Problem to work on | Would you reproduce each of the records below precisely, with the pictures left out?

Records from a data collection |
____________

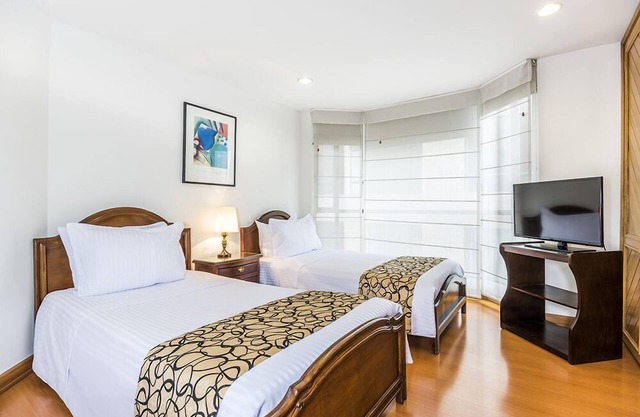 Fontana Plaza Apartamento für 4 Personen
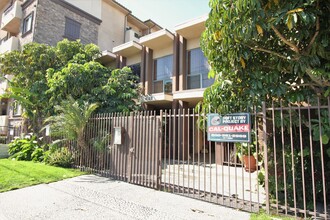 8123 - Sepulveda Apartments in Van Nuys, CA - Foto de edificio - Building Photo
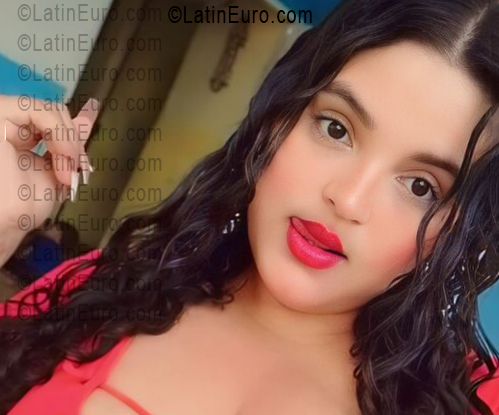 Date this charming Venezuela girl Alejandra from Caracas VE5437
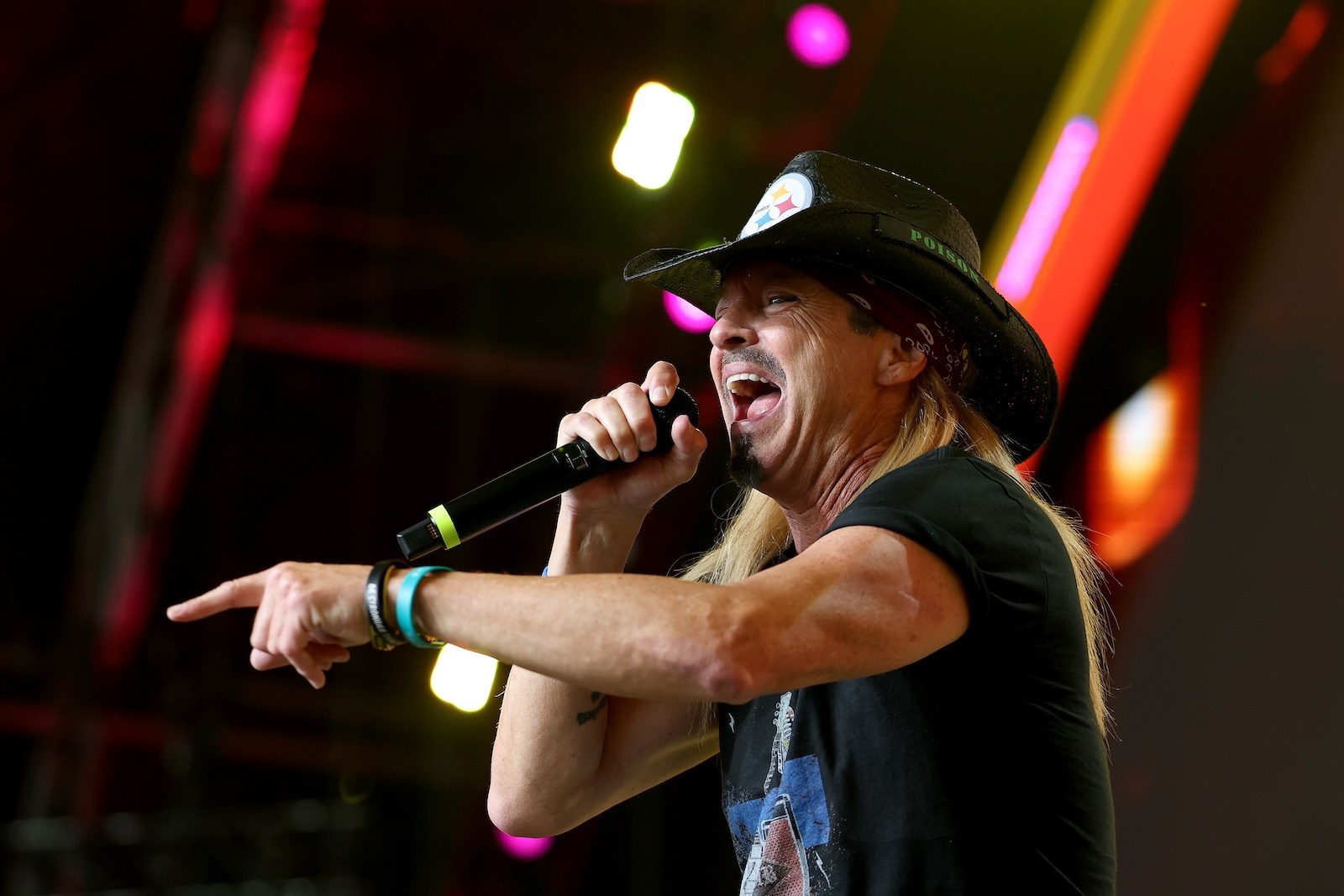 Bret Michaels Reveals Trip From Stage to Surgery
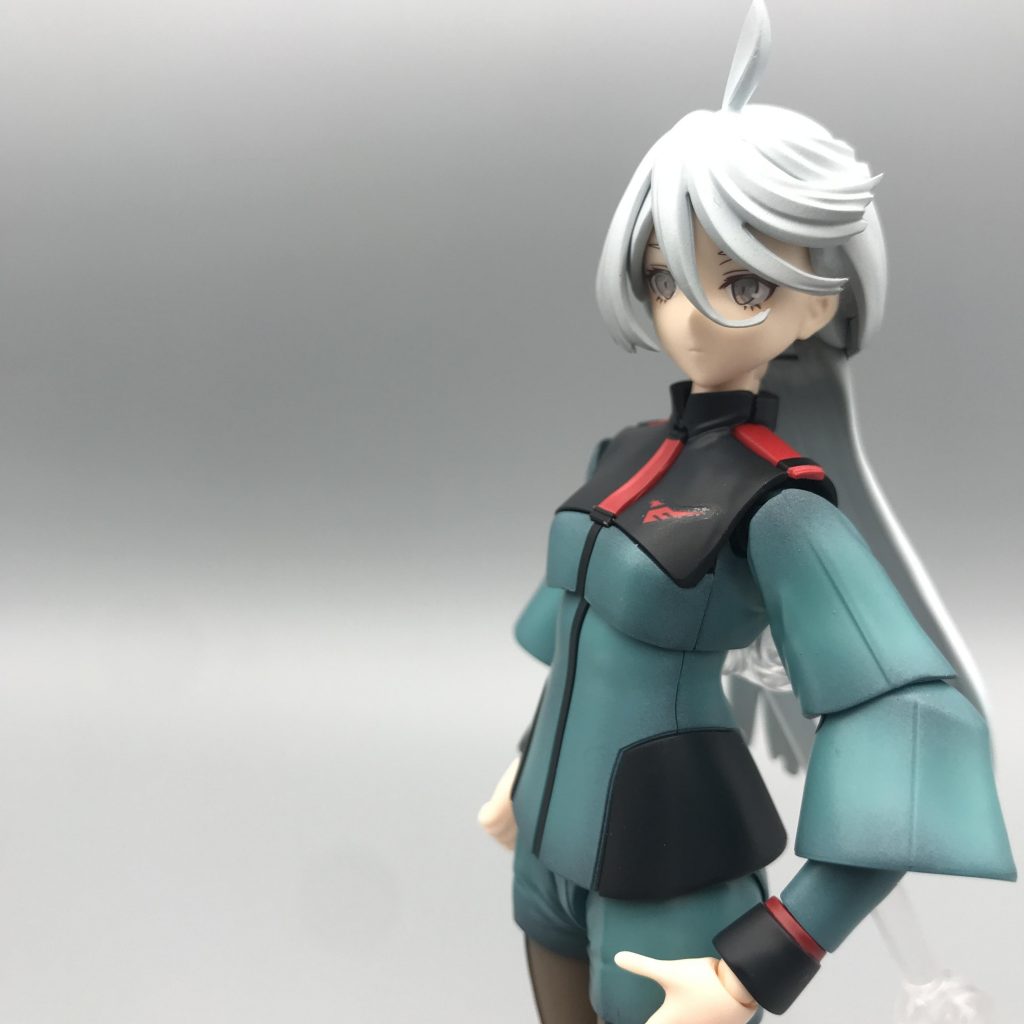 写真だとわかりづらいですが目はUVジェルでクリア追加してます。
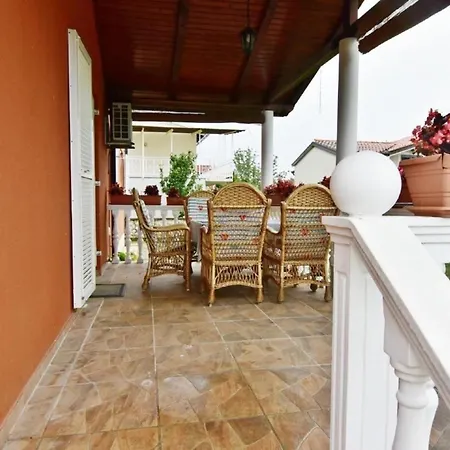 Komfortable In Valica Mit Grossem Garten Apartamento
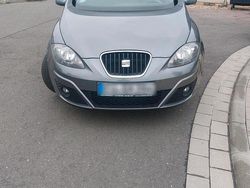 Grau Gebraucht 2015 Seat Altea XL Van / Kleinbus | 4.600 € (Guter Preis)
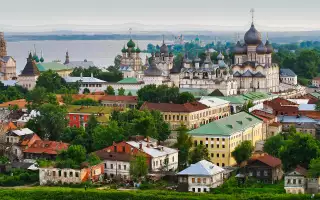 На выходные в Ростов Великий — к древнейшему озеру и на родину финифти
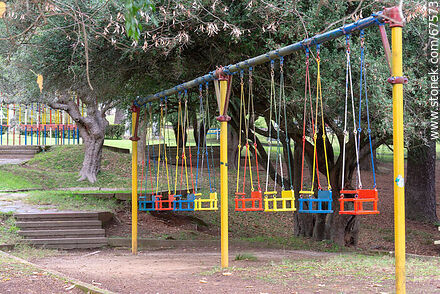 Hamacas infantiles - Departamento de Lavalleja - URUGUAY. Foto No. 67573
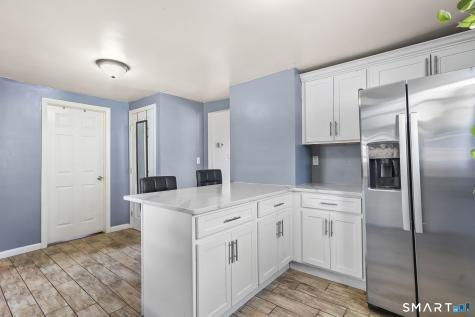 204 Barnes Avenue New Haven CT 06513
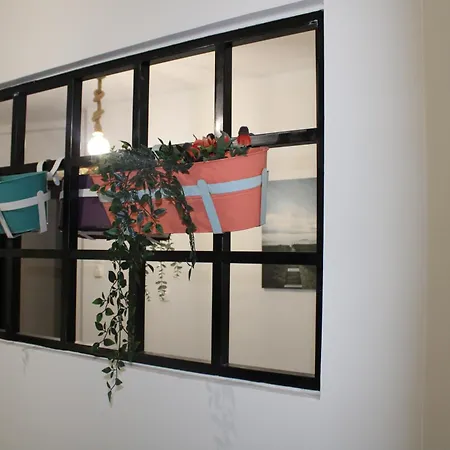 Themis 16 Apartment *
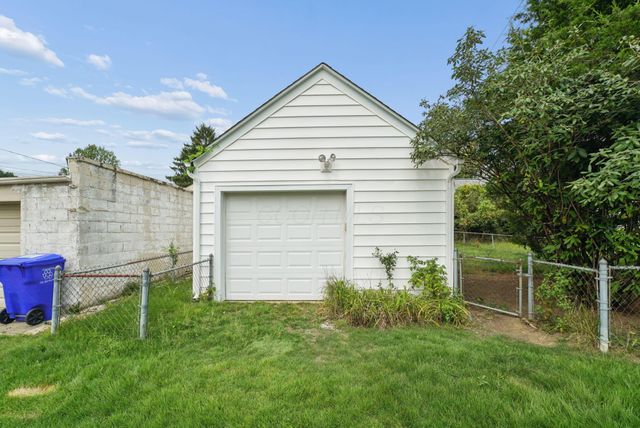 375 E Royal Forest Boulevard, Columbus, OH 43214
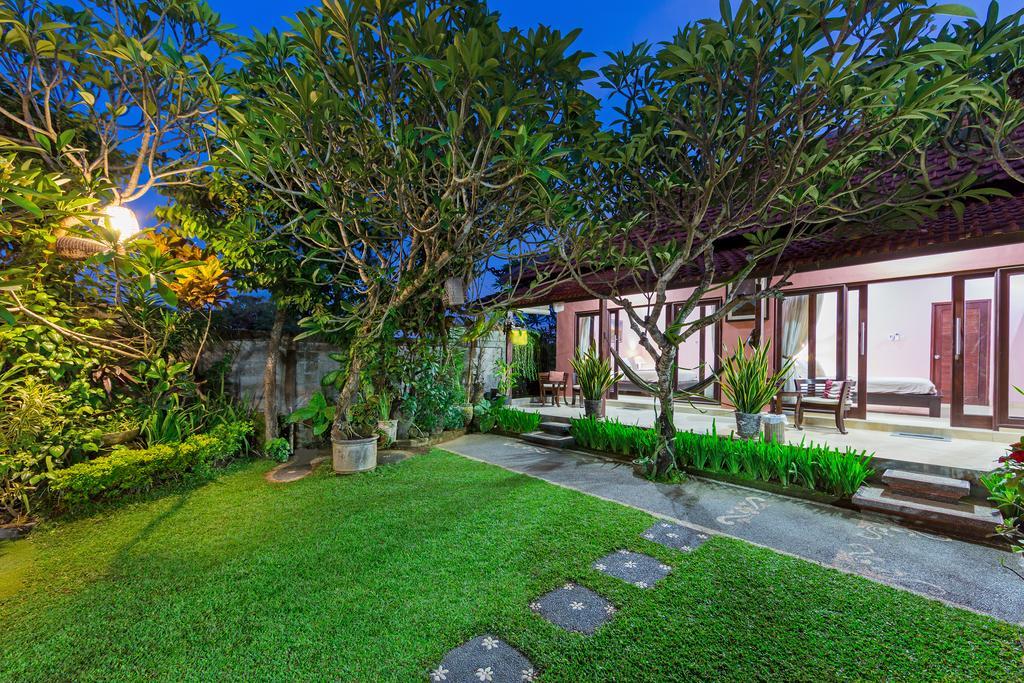 Wayan'S Guesthouse Canggu Esterno foto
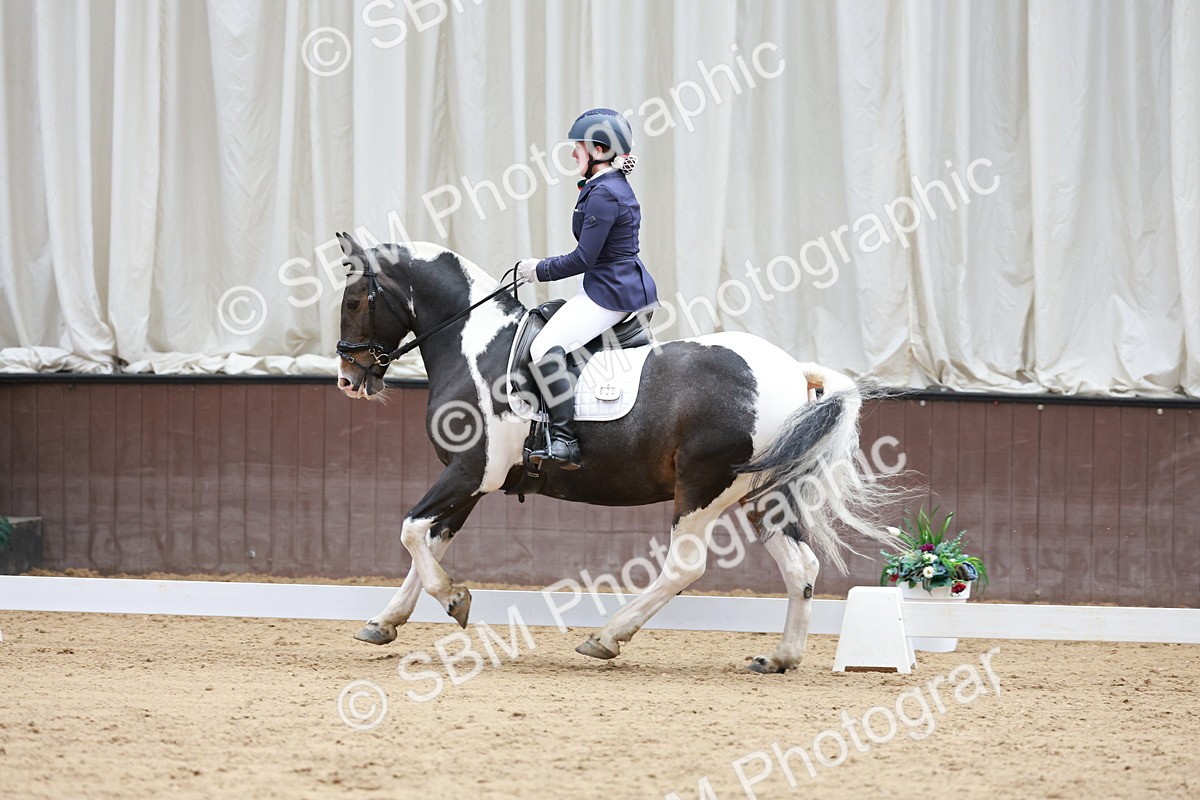 SBM_009826 - Class 6b - Novice 6 - 12.40-13.43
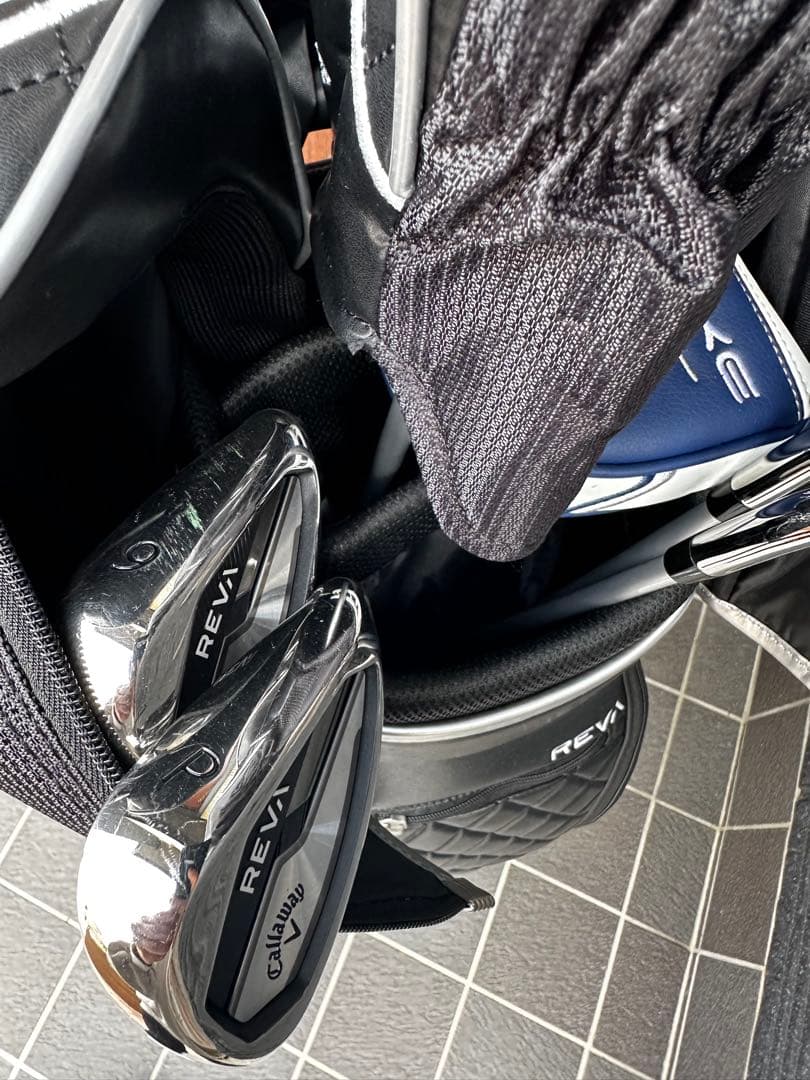 Callaway REVAI ゴルフバッグ とクラブセット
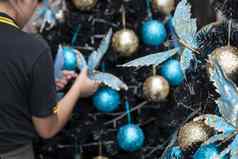 装饰圣诞节树蓝色的黄金玩具美丽的蓝色的蝴蝶玩具假期准备一年圣诞节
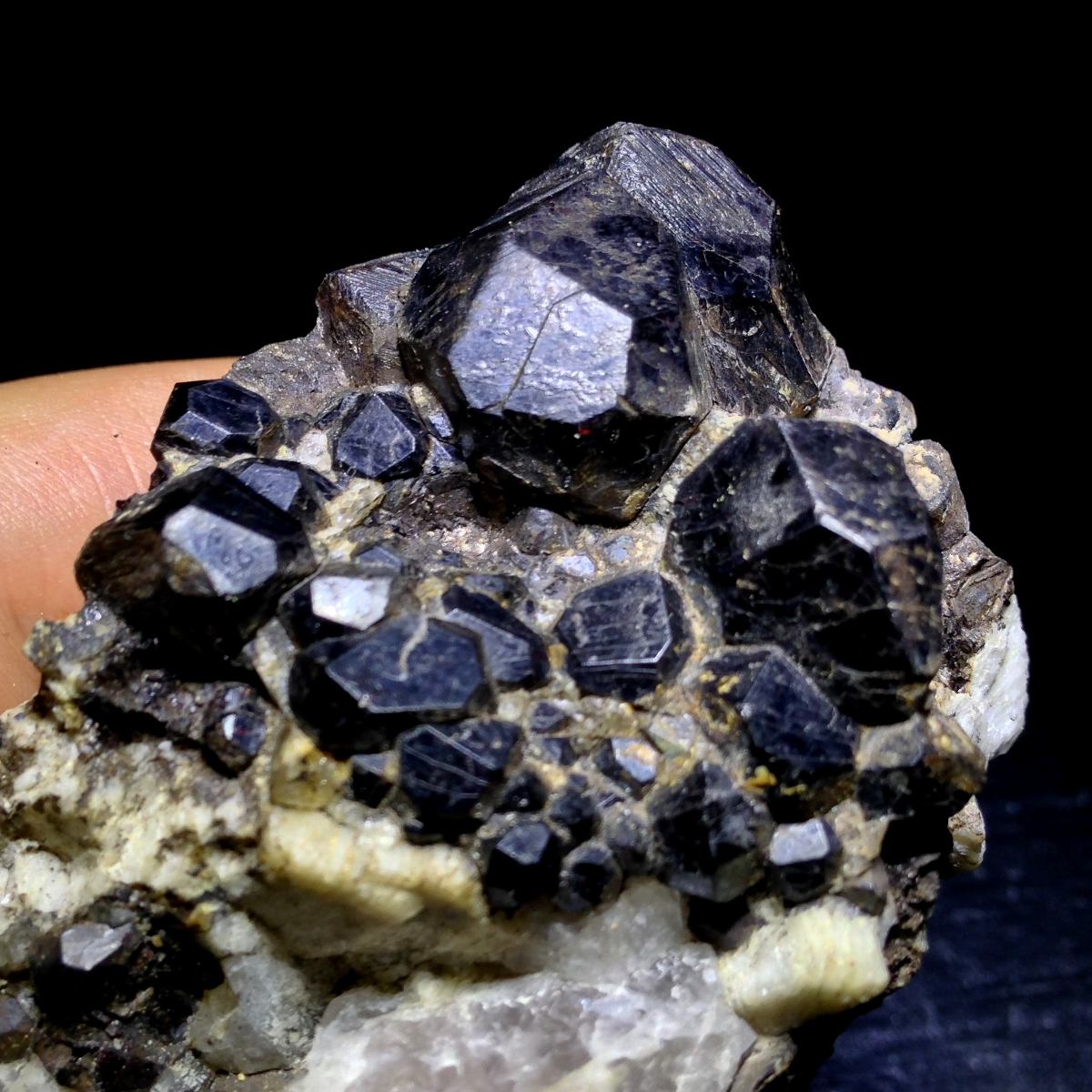 Granate Mineral De Colección 8.5x5cm - $ 500.00 en Mercado Libre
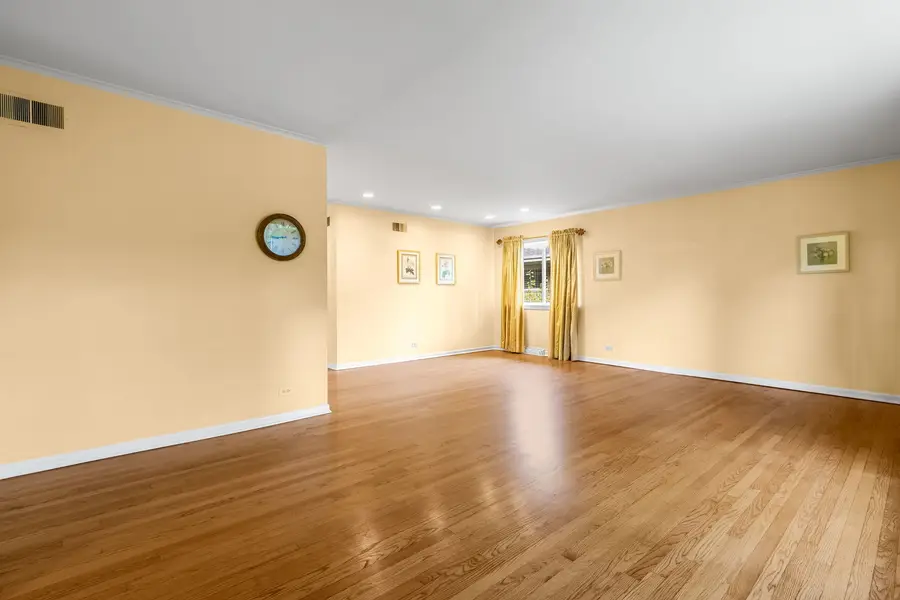 88 Pine Avenue #2B, Riverside, IL 60546 - #3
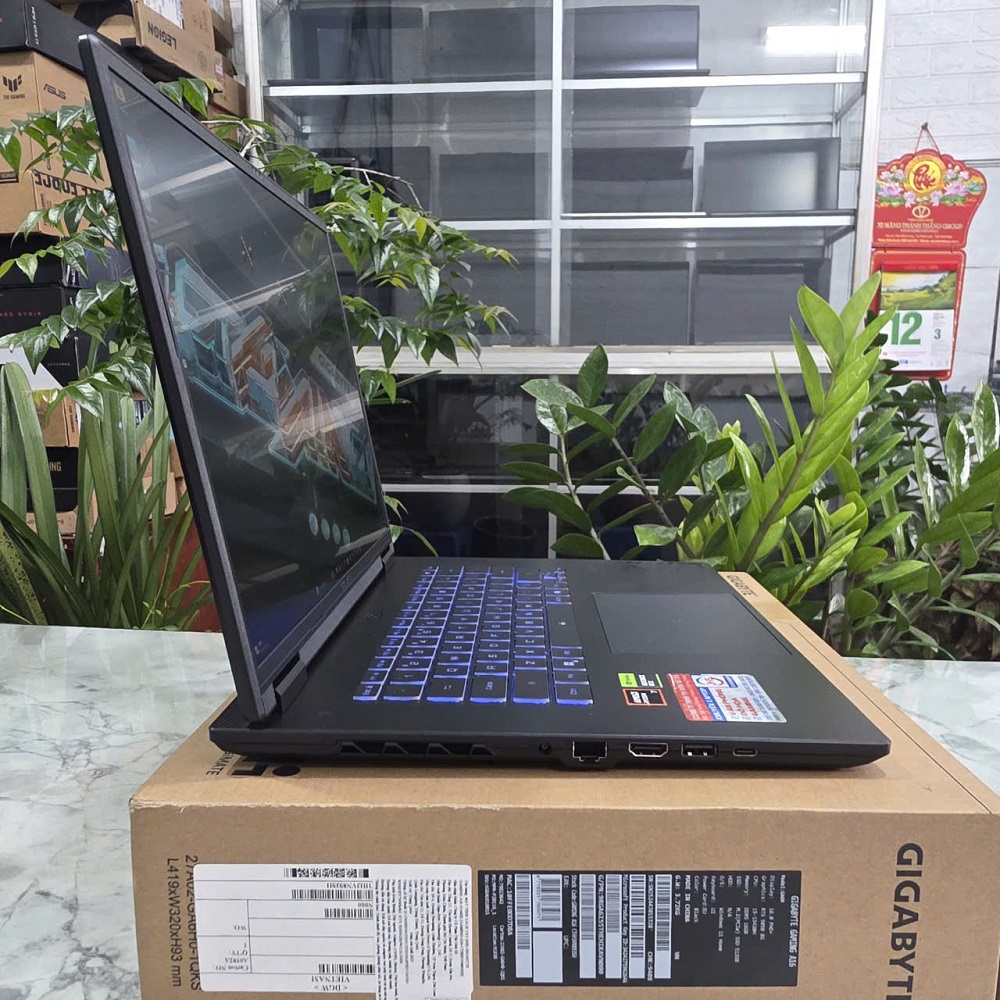Gaming - Đồ Họa Gigabyte A16 GA63H Bảo Hành Hãng RYZEN 7 260 RTX™ 5050 8GB GDDR7 RAM 16GB SSD 512GB MÀN HÌNH : 16" INCH IPS WUXGA 165Hz, 300nits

____________

Final answer |
 Fontana Plaza Apartamento für 4 Personen
 8123 - Sepulveda Apartments in Van Nuys, CA - Foto de edificio - Building Photo
 Date this charming Venezuela girl Alejandra from Caracas VE5437
 Bret Michaels Reveals Trip From Stage to Surgery
 写真だとわかりづらいですが目はUVジェルでクリア追加してます。
 Komfortable In Valica Mit Grossem Garten Apartamento
 Grau Gebraucht 2015 Seat Altea XL Van / Kleinbus | 4.600 € (Guter Preis)
 На выходные в Ростов Великий — к древнейшему озеру и на родину финифти
 Hamacas infantiles - Departamento de Lavalleja - URUGUAY. Foto No. 67573
 204 Barnes Avenue New Haven CT 06513
 Themis 16 Apartment *
 375 E Royal Forest Boulevard, Columbus, OH 43214
 Wayan'S Guesthouse Canggu Esterno foto
 SBM_009826 - Class 6b - Novice 6 - 12.40-13.43
 Callaway REVAI ゴルフバッグ とクラブセット
 装饰圣诞节树蓝色的黄金玩具美丽的蓝色的蝴蝶玩具假期准备一年圣诞节
 Granate Mineral De Colección 8.5x5cm - $ 500.00 en Mercado Libre
 88 Pine Avenue #2B, Riverside, IL 60546 - #3
Gaming - Đồ Họa Gigabyte A16 GA63H Bảo Hành Hãng RYZEN 7 260 RTX™ 5050 8GB GDDR7 RAM 16GB SSD 512GB MÀN HÌNH : 16" INCH IPS WUXGA 165Hz, 300nits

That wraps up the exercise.